Drigailles est une sorte de voyage en syncopes, de “comptine au pouls faible” mais brute de décoffrage et sans la moindre flatterie.
Les tripes de l’auteur y sont à nu mais en rien étalées sinon en breloques, copeaux, quignons et bagatelles.
On peut en rire. On le doit même. Mais pas que. Nous pataugeons au milieu des fragments épars mais pas forcément disjoints. On s’y encanaille à qui mieux mieux là où les horloges dégoisent en tournant à l’envers mais où la fièvre monte - et pas seulement à El Paso où dans les salles de cinéma où les amoureux s’embrassent.

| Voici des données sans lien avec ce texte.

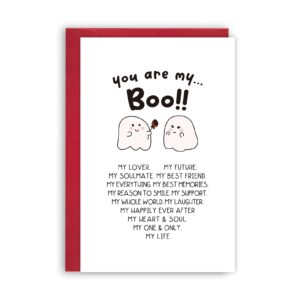 ulbeelol you are my boo card, halloween love card, halloween anniversary card, funny halloween card for husband boyfriend...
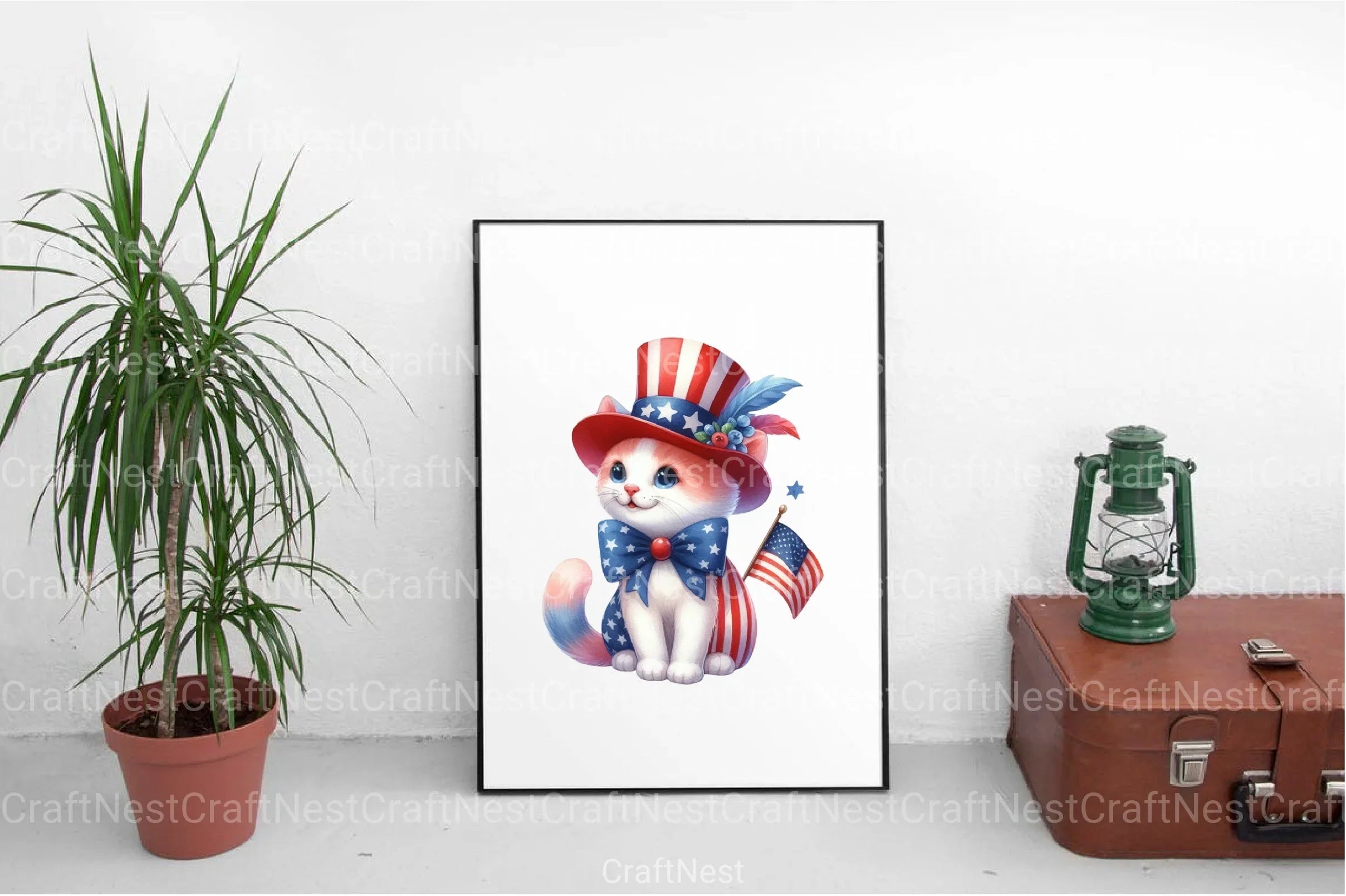 4th of July Cats Clipart Bundle - CraftNest - Digital Crafting and Art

Des slogans s’emmêlent, le lecteur y va à la pêche. On devine ce qui peut l’être entre marges et parenthèses. C’est une sarabande où, dans une danse techno, l’auteur numérote ses abattis, ne signe plus d’autographe, fait presque n’importe quoi — le presque est important.
Il coupe au besoin quelques pages, ouvre le ventre avec des petits ciseaux mais avec les sommations d’usage.
Nous sommes autant à côté de la langue que dedans. Cà roule et reprend. En avant doute ! Entre présence et éclipses, des cigognes sont perchées sur des cils, et des cygnes sur des signes de baies de cochons.
Quoi de mieux qu’un tel Swing littéraire qui laisse autant abasourdi que sonné ?
jean-paul gavard-perret
Daniel Pozner, Drigailles, Propos 2 éditions, coll. propos à demi, juin 2023, 128 p.